Perang Saudara Suriah: Kubu yang Bertempur dan 4 Negara Kuat sebagai Beking

Selasa, 03 Desember 2024 - 12:47 WIB
Pasukan pemberontak Suriah yang berperang di Aleppo melawan pasukan rezim Presiden Bashar al-Assad. Foto/Mohamed Aldaher/MEE
DAMASKUS - Pertempuran di Suriah kembali terjadi setelah empat tahun jeda dalam perang saudara yang pertama kali pecah pada tahun 2011.

Kebuntuan yang tidak nyaman di antara berbagai faksi yang bermusuhan di negara itu pecah ketika pasukan pemberontak merebut kota Aleppo dari pasukan rezim Presiden Bashar al-Assad dan kelompok pemberontak lainnya merebut kota yang lebih kecil di sebelah utara dari pasukan Kurdi Suriah.

Berikut panduan tentang asal-usul perang saudara Suriah, kubu domestik yang bertempur, dan negara-negara beking yang memiliki agenda tersendiri dalam konflik tersebut.

Asal Mula Perang Saudara Suriah





Suriah yang dulunya merupakan wilayah mandat Prancis, menjadi negara merdeka setelah Perang Dunia II. Pada tahun 1966, perwira militer yang termasuk minoritas Alawite mengambil alih kekuasaan.
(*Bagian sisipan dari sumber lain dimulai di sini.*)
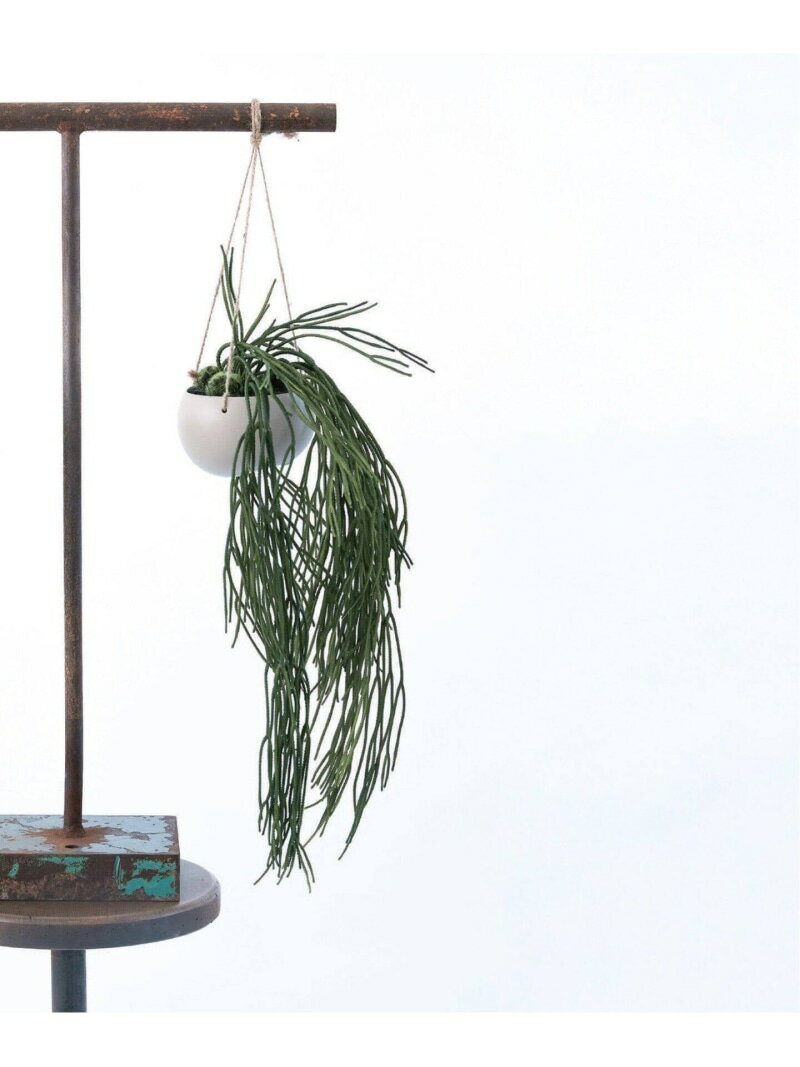 JOURNAL STANDARD FURNITURE 【Brown./ブラウン】リプサリス BLハンギングポット フェイクグリーン ジャーナルスタンダードファニチャー インテリア・生活雑貨 フラワーベース・花瓶 グリーン【送料無料】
Hal itu memastikan dominasi kelompok tersebut, yang keyakinannya merupakan cabang dari Islam Syiah, di negara yang sekitar 74 persen penduduknya adalah Muslim Sunni. Populasi Suriah juga mencakup komunitas Kristen, Druze, dan Kurdi yang cukup besar.
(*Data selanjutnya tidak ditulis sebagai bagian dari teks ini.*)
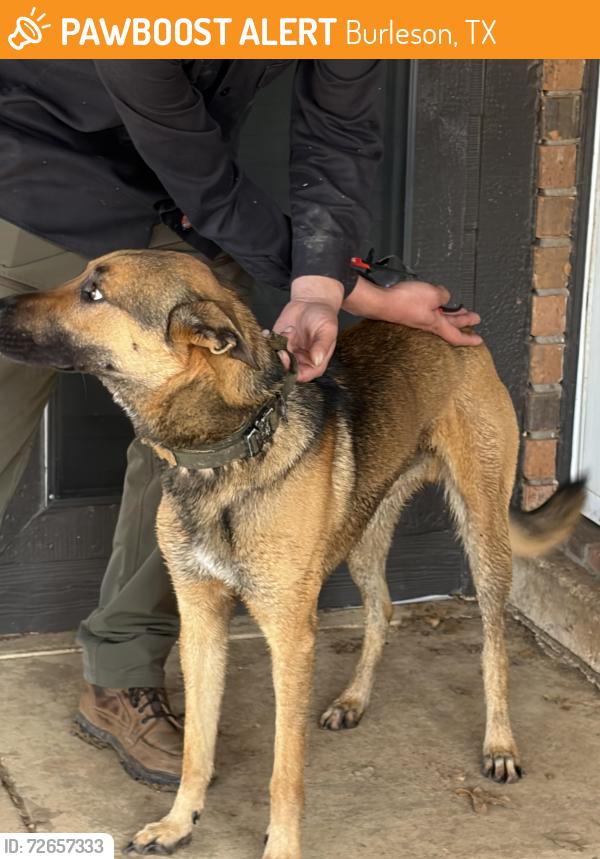 Found/Stray Male Dog last seen Near and 731 across from the new subdivision , Burleson, TX 76028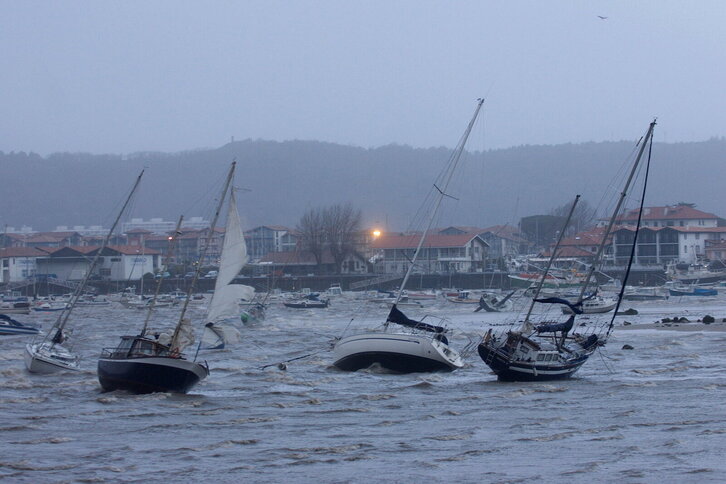 Fd-2024-01-24-giz_090124_4430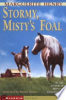Stormy__Misty_s_foal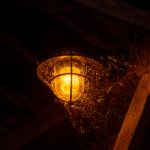 棒棒要bi:探索生活中的小确幸与快乐秘诀 7afsoj98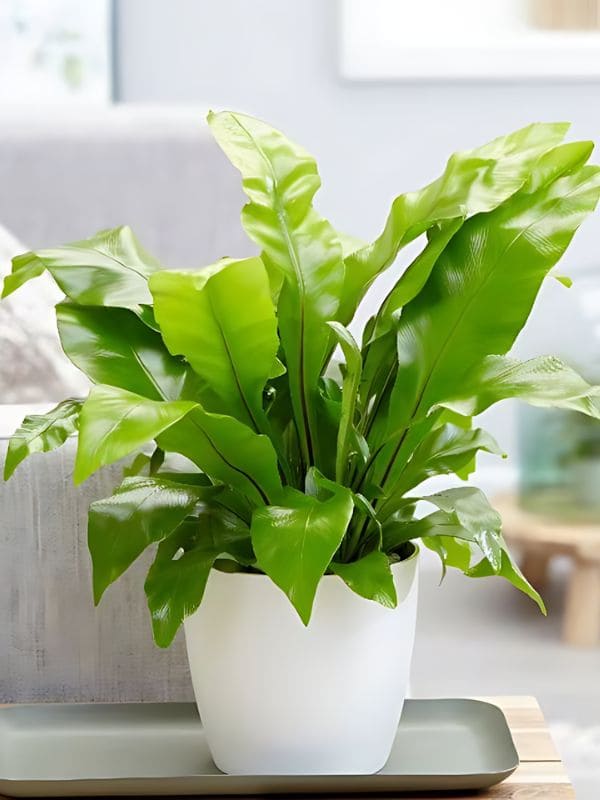 Bird’s Nest Fern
Presiden lama Hafez al-Assad dituduh secara brutal menekan perbedaan pendapat dan digantikan oleh putranya; Bashar al-Assad pada tahun 2000 dan berkuasa hingga sekarang.

Sebagai bagian dari gelombang kerusuhan pro-demokrasi yang dikenal sebagai gerakan Arab Spring, protes pecah di Suriah pada Maret 2011.

Dengan menggunakan panduan pedoman ayahnya, Bashar al-Assad menghancurkan protes yang berubah jadi kerusuhan bersenjata. Dua mengerahkan pesawat tempur, helikopter militer, artileri, dan tank untuk melawan pemberontak bersenjata ringan yang mulai berorganisasi.

Konflik tersebut sebagian besar pecah berdasarkan garis sektarian, dengan kaum Alawite Suriah mendukung Assad dan kaum Sunni mendukung oposisi.

Kekuatan asing—termasuk Rusia, Iran, Amerika Serikat (AS), dan Turki—melihat perang saudara Suriah sebagai peluang untuk memperluas pengaruh mereka di negara yang berada di antara garis patahan geopolitik kawasan tersebut.

Intervensi asing meningkat setelah ISIS, sempalan al-Qaeda yang bertujuan untuk menciptakan masyarakat Islam yang puritan, menggunakan kekacauan tersebut untuk menaklukkan wilayah di Suriah dan Irak. Benteng terakhir ISIS jatuh pada tahun 2019.

Siapa Saja Pemain Domestik dalam Perang Saudara Suriah?

1. Rezim Bashar al-Assad



Pasukan yang setia kepada Assad—dengan bantuan Rusia, Iran, dan milisi Hizbullah Lebanon—berhasil pada tahun 2020 untuk membatasi wilayah yang dikuasai oleh kelompok militan hingga sekitar sepertiga wilayah negara tersebut.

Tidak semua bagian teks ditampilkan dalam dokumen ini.